Strickland v Rocla Concrete Pipes Ltd, also known as the Concrete Pipes Case, is a 1971 High Court of Australia case that discusses the scope of the corporations power in section 51(xx) of the Australian Constitution. This was an important case in Australian constitutional law because it overruled the decision in the earlier case of Huddart, Parker & Co Pty Ltd v Moorehead, which held that the corporations power only extended as far as the regulation of their conduct in relation to their transactions with or affecting the public. Since this case, the Commonwealth has had at least the ability to regulate the trading activities of trading corporations, thus opening the way for an expansion in Commonwealth power.

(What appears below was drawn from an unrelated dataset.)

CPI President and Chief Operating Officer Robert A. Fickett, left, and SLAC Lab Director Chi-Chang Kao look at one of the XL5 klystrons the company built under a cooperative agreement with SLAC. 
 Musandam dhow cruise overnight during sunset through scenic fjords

The width of this power was later considered again in the cases of Actors and Announcers Equity Association v Fontana Films, Commonwealth v Tasmania (the Tasmanian Dam Case), Re Dingjan; Ex parte Wagner, and New South Wales v Commonwealth (the WorkChoices Case).

== Background ==

Section 43 of the Trade Practices Act 1965-1969 (Cth) made certain agreements between competitors restricting competition "examinable", and the respondents in this case were charged with breaching that section. The agreements in question were exclusively related to trade in Queensland. Because this is purely intrastate trade, the respondents would not have fallen within the legislative power granted by section 51(i) of the Constitution. The Commonwealth Industrial Court, at first instance, rejected the charge, following Huddart, Parker & Co Pty Ltd v Moorehead, in which it was held that a law with respect to the trading activities of constitutional corporations was not within power.

== Decision ==

=== Corporations power ===

The Court unanimously rejected the decision in Huddart, Parker & Co Pty Ltd v Moorehead, holding that it was based on the rejected doctrine of reserved State powers, which was abolished in Amalgamated Society of Engineers v Adelaide Steamship Co. Ltd.; "the earlier doctrine virtually reversed the Constitution" (per Barwick CJ). The Court found that laws with a sufficient connection to the trading activities of constitutional corporations were valid. In addition, the broader conception of the corporations power, that allows for the regulation of any activities of constitutional corporations, was flagged; "I must not be taken as suggesting that the question whether a particular law is a law within the scope of this power should be approached in any narrow or pedantic manner" (per Barwick CJ).

=== Reading down ===

Barwick CJ also gave guidance as to reading laws with respect to section 15A of the Acts Interpretation Act 1901 (Cth). While he noted that there can be an express intention by the Parliament as to the interpretation of the law, he stated that if it is "single and indivisible", it will not be possible to read down the law and provide it with an alternative interpretation. The coexistence of sections 7 and 35(1) meant that it would have had to apply to both all trade, and to only foreign and interstate trade. However, since section 35(1) is a single provision and not a series of paragraphs, Barwick CJ felt that it would be "legislating and not construing" if it were broken up accordingly.